Warnings from Blumhouse and Morrissey

Five Nights at Freddy’s (Universal Pictures/Trailer image via YouTube)
‘Living in hell’ describes political reality in horror film and song.

Blumhouse Production’s box-office blockbuster Five Nights at Freddy’s grossed $80 million when it opened, just days after the American broadcast debut of Morrissey’s legitimately terrifying new song “Sure Enough, the Telephone Rings.” Morrissey’s taunt, “You should tell little kids / They’re living in hell now” calls out the unserious Blumhouse agenda and our current political nightmare.
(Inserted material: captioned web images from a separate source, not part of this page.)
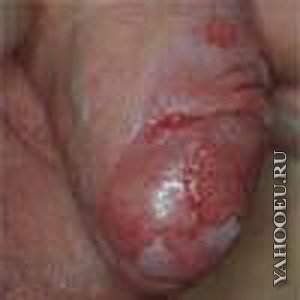 Sexually Transmitted Infections and Skin Conditions: Herpes and Syphilis - 773b59fe6233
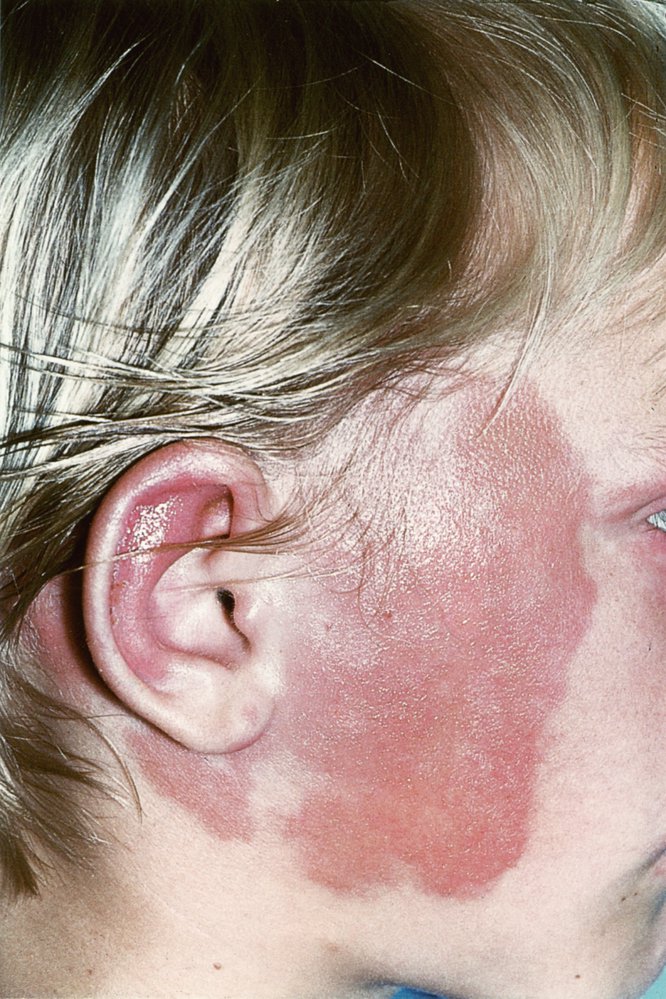 Facial erysipelas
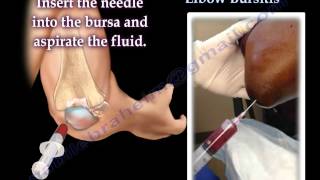 Aspiration Of Elbow Bursitis  Everything You Need To Know  Dr Nabil Ebraheim [upl. by Aja]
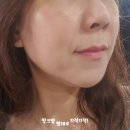 강남-200 | 강남역 피부과 쳐진 턱살 울쎄라 200샷 시술 후기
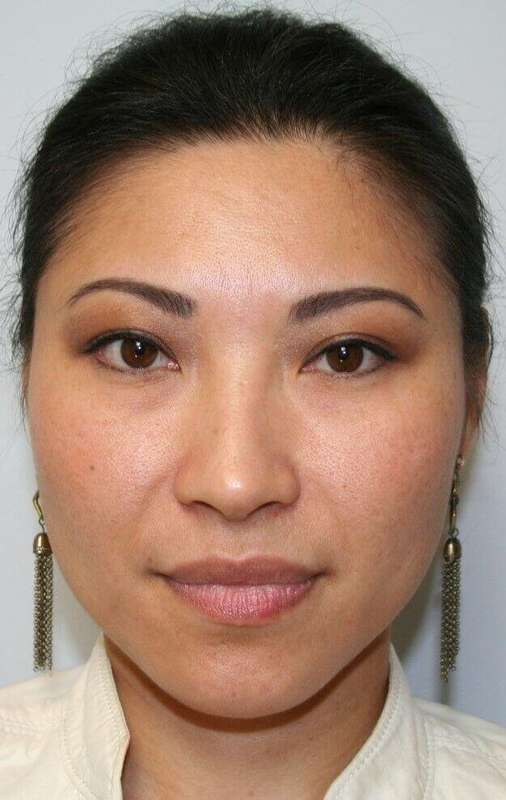 Rhinoplasty Before & After Patient #6146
The relentless, video-game-style paranoia of Five Nights at Freddy’s updates teenage scary-lore: Mike Schmidt (Josh Hutcherson) can’t get over the memory of witnessing his baby brother’s abduction and, after his parents die, becomes the guardian of his autistic kid sister, Abby (Piper Rubio), Mike compulsively relives his trauma, believing in dream theory, according to which “he walks through memory as if experiencing it for the first time anew, no longer a passenger but an active participant.”

That Nightmare on Elm Street steal exposes Blumhouse’s juvenile shtick, yet Mike’s recognizable fears — encompassing unemployment, sex trafficking, parental abandonment, institutional distrust — evoke something real. In his first five night-shift stints as watchman at a disused ’80s amusement park/arcade mall — Freddy Fazbear’s Pizza Place — Mike stares glaze-eyed at security monitors, then drifts into violent 3-D incidents, His circumstance incarnates the hell that Morrissey sings about.

But Morrissey zeroes in on present-tense shell shock. The song comes from his album Bonfire of Teenagers memorializing victims of the 2017 Islamic terrorist bombing of the Ariana Grande concert at Manchester Arena. Capitol Records still refuses to release the album. This censorship contrasts with Blumhouse exploitation movies (the Purge film series, Get Out, Us, M3GAN, Insidious), which contrive our acceptance of horror, keeping consumers in a state of anxiety — and without catharsis, same as the fake-news media do.

Morrissey performs during the International Song Festival in Vina del Mar, Chile, in, 2012. (Eliseo Fernandez/Reuters)

Morrissey’s puckish perspective always scares pop-music traditionalists by exploring previously unspoken depths. “Sure Enough, the Telephone Rings” raises fears afloat in the culture — whether unwanted telemarketers (“Who wants my money now?”) or the daily evidence of political evil and vengeance that cannot be hidden from children. His complaint chugs along, its bridge recalling The Smiths’ “You Just Haven’t Earned It Yet, Baby.” These social vexations work as cultural criticism, pinpointing Mike’s terror — the panic of exasperated people going through hell, not dream theory.

As a left-leaning, social-activist studio, Blumhouse manipulates political paranoia, selling it as inevitable. (Imagine Britain’s Hammer horror films but with less craft.) Only the most fanatical horror-movie devotees can ignore the shallow exploitation of Blumhouse products. So the coincidental release of Morrissey’s song acts as a counterweight to the half-baked ideas in Five Nights at Freddy’s. Otherwise, it’s another grab-bag of pop-paranoia clichés. Freddy’s place combines the arcade repository of National Treasure with the Safdie brothers’ Good Time. Mike protects Abby from the arcade’s oversized animatronic creatures — grisly embodiments of lost and dead children whose ghosts make the cartoon-figure robots move. Director Emma Tammi imitates how the Stranger Things kids similarly relive ’80s pop culture, with a little Saw-franchise torture-porn thrown in.

One unexpected pleasure is seeing Mike disable the mutant bots, as if exacting revenge on Pixar and woke Disney and woke Sesame Street. We need our fears expiated, yet Hutcherson’s boyish face, a distressed child actor’s face, makes Mike’s adventures unsatisfying; he slips into solipsism. And an unfinessed subplot about a female cop (Elizabeth Lail) retaliating against her abusive father never attains the genius sympathy of the parental martyr’s punishment in De Palma’s Carrie.

Consider the cultural concurrence of Blumhouse’s latest hit meeting Morrissey’s political humor and seriousness: one a threat, the other a warning. If we don’t tell children that lawfare is wrong, then you’re letting them think that political prisoners and irrational hatred and censorship are all excusable and good. We are living in hell now when our institutions, media, and politicians oppose our common interests. Morrissey’s counterpoint to Five Nights at Freddy’s tells us there are few childhood or adult amusements free from sexual grooming and political lies.